The write-off slashes the team’s income tax burden and also can offset an owner’s personal tax liability from non-team income, according to Robert Raiola, director of the Sports and Entertainment Group at accounting firm PKF O’Connor Davies.

Representatives for the Broncos started interviewing sell-side bankers in November, and many NFL insiders think the Broncos could fetch $4 billion on the open market. That price would generate $240 million in depreciation annually for each of the next 15 years for the new owner or $3.6 billion overall, based on 90% of the purchase allocated to intangibles.

“The tax break is clearly an issue when people think about what they’re going to pay for a team, but it’s not the major factor of whether or not someone bids on these clubs,” said one veteran sports investment banker, who points to scarcity value, media content value and owning a non-correlated asset to the market as bigger business drivers. A new owner’s source of wealth could also impact the desirability of the tax break. Energy billionaires can get tax offsets through depletion allowances, while real estate investors use deprecation to cut taxable income. A tech billionaire, however, might find the amortization from a team purchase more desirable. The tax break is limited to the general partner in one of these transactions.

The first case of an owner depreciating a portion of a team purchase dates to 1946, when Bill Veeck—one of the most innovative owners in baseball history—was buying the Cleveland Indians. The IRS accepted Veeck’s logic to write off the value of player contracts over five years at a time when the top individual tax rate was 91%, albeit with much more liberal deductions. The ruling changed the economics on sports team ownership forever.

The IRS eventually capped the write-off for team owners at 50% of the purchase price in what was known as the Roster Depreciation Allowance, but the American Jobs Creation Act of 2004 expanded the provision to all intangible assets, which pushed the write-off to 90% or greater in some cases.

As franchise valuations have soared, new owners have enjoyed bigger write-offs. A 2021 ProPublica feature detailed the benefits for high-profile owners David Tepper and Steve Ballmer.

Hedge fund titan Tepper bought the Carolina Panthers in 2018 for $2.28 billion, the current record NFL sale price. The deal would produce an annual amortization expense of nearly $140 million.
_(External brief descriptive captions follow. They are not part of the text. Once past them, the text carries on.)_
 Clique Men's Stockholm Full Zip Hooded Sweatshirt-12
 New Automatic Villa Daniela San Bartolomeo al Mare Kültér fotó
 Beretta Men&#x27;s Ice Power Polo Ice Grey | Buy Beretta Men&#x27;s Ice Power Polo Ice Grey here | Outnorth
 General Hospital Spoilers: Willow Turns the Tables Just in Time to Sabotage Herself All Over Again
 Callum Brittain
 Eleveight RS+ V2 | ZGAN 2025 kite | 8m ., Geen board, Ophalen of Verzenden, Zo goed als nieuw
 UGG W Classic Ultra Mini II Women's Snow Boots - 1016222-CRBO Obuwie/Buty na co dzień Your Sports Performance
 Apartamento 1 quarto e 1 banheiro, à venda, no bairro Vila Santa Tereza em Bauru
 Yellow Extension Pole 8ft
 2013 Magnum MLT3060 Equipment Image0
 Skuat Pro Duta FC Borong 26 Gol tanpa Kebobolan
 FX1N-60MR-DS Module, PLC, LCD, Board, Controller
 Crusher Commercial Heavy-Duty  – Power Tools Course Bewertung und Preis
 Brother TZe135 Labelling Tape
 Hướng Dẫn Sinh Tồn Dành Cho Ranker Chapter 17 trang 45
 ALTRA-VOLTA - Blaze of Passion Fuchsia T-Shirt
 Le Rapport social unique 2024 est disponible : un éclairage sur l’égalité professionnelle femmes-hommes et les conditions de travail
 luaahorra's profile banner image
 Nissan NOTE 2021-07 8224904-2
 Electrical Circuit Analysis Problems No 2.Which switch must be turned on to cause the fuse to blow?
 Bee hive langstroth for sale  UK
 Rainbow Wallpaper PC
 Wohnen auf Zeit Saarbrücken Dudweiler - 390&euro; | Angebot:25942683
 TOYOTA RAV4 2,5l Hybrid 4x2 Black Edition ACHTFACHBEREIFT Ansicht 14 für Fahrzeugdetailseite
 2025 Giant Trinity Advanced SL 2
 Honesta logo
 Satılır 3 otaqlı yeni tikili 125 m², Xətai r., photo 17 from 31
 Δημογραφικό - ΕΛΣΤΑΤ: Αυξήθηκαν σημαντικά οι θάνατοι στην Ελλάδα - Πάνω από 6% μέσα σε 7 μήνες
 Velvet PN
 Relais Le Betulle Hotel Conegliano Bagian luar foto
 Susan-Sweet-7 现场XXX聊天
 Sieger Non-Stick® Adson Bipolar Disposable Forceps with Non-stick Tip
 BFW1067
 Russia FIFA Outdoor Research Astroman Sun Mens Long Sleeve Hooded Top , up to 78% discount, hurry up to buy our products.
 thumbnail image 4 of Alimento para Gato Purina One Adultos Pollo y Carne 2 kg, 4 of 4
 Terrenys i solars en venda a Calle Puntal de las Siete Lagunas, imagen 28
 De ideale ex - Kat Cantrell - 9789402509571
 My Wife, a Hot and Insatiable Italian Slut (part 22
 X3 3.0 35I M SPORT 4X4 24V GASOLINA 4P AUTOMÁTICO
ProPublica found that the Panthers swung from a large annual profit to a loss of roughly $115 million after Tepper’s purchase.

Ballmer shocked the sports world with his $2 billion purchase of the Los Angeles Clippers in 2014. It was perceived as an inflated price at the time, but Sportico recently valued the team at $3.16 billion, and the value will continue to move up, as the team opens its $1.8 billion privately financed home, the Intuit Dome, in 2024. Forbes currently tabs the former Microsoft CEO as the 10th richest person in the world, with a net worth of $95 billion.

The $2 billion Clippers sale price produces an annual tax write-off of roughly $120 million, and ProPublica says Ballmer reported a total of $700 million in losses from his Clippers ownership between 2014 and 2018, offsetting a portion of his massive income from Microsoft dividends and other business income. Ballmer has publicly stated he’s open to paying more taxes, telling Andrew Ross Sorkin, “Because I’ve been very fortunate, I can say to you I’d be happy personally to pay more taxes.”